**Task description**
In this exercise, print only the lines of the records below from the one with "Golden Brown Fried" through the one with "CABLU alimentare si", inclusive. Pictures are not part of the copy.

**Data**

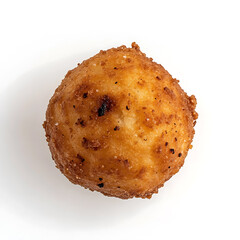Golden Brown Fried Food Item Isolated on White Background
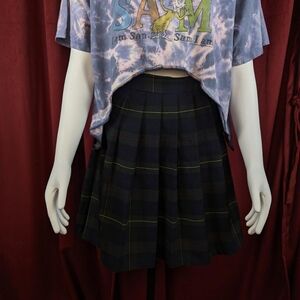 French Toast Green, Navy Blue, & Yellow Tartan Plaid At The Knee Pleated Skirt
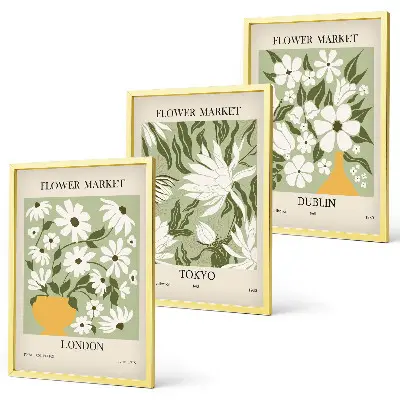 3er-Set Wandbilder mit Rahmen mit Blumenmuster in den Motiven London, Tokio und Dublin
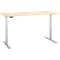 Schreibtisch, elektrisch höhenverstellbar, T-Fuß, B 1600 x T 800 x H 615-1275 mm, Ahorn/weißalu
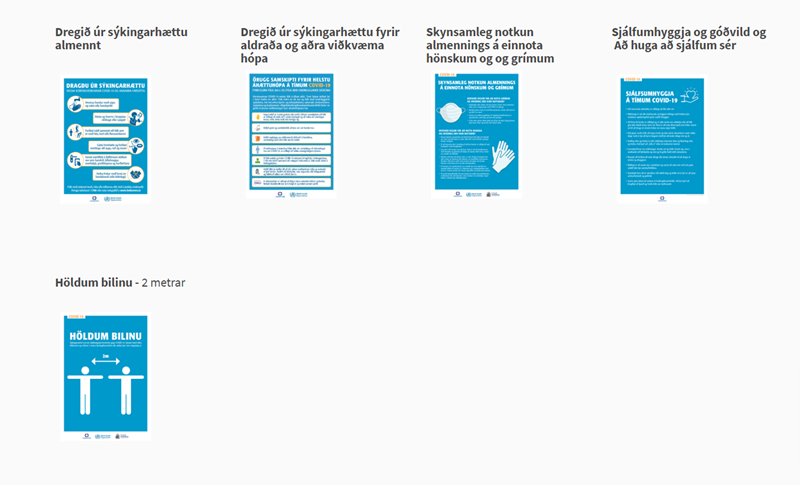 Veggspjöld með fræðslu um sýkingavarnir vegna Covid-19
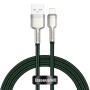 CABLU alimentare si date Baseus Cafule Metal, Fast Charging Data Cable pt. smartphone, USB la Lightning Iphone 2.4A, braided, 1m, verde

* * *

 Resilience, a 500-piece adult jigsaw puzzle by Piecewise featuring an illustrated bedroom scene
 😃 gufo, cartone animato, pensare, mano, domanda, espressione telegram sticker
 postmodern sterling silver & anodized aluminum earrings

**Response area**
Golden Brown Fried Food Item Isolated on White Background
 French Toast Green, Navy Blue, & Yellow Tartan Plaid At The Knee Pleated Skirt
 3er-Set Wandbilder mit Rahmen mit Blumenmuster in den Motiven London, Tokio und Dublin
 Schreibtisch, elektrisch höhenverstellbar, T-Fuß, B 1600 x T 800 x H 615-1275 mm, Ahorn/weißalu
 Veggspjöld með fræðslu um sýkingavarnir vegna Covid-19
 CABLU alimentare si date Baseus Cafule Metal, Fast Charging Data Cable pt. smartphone, USB la Lightning Iphone 2.4A, braided, 1m, verde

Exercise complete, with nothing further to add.